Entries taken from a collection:
····················

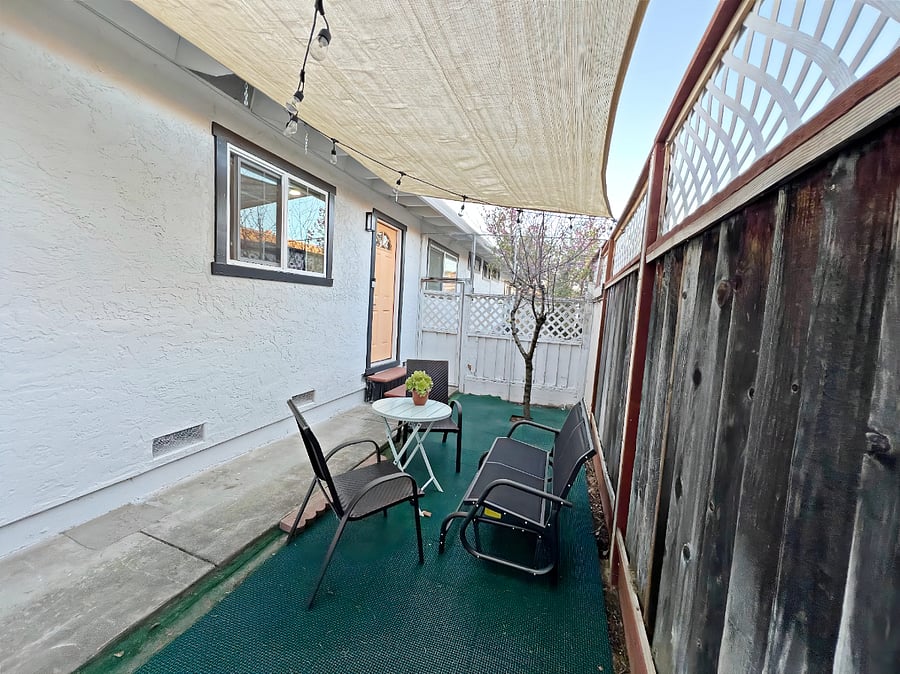Furnished Finder property 651681_1 photo 18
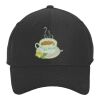 New Era ® Diamond Era Stretch Cap Thumbnail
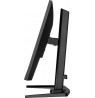 MONITOR IIYAMA LED 27" GB2745QSU-B2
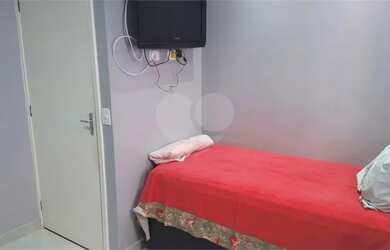 Imagem 2: Casa-São Paulo-CASA VERDE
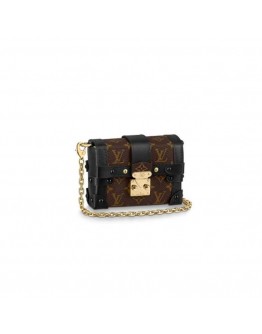 Louis Vuitton Essential Trunk M68566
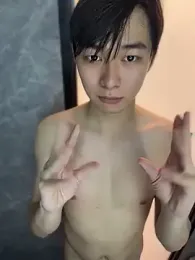 Vi_1314 webcam model stream image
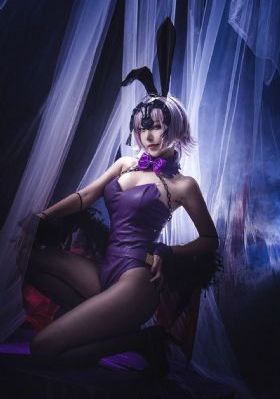 欧美日韩免费福利123-迅雷资源电影无删减版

····················

Output every entry above exactly, minus the pictures.

→ SOLUTION TO THE EXERCISE:
Furnished Finder property 651681_1 photo 18
 New Era ® Diamond Era Stretch Cap Thumbnail
 MONITOR IIYAMA LED 27" GB2745QSU-B2
 Imagem 2: Casa-São Paulo-CASA VERDE
 Louis Vuitton Essential Trunk M68566
 Vi_1314 webcam model stream image
 欧美日韩免费福利123-迅雷资源电影无删减版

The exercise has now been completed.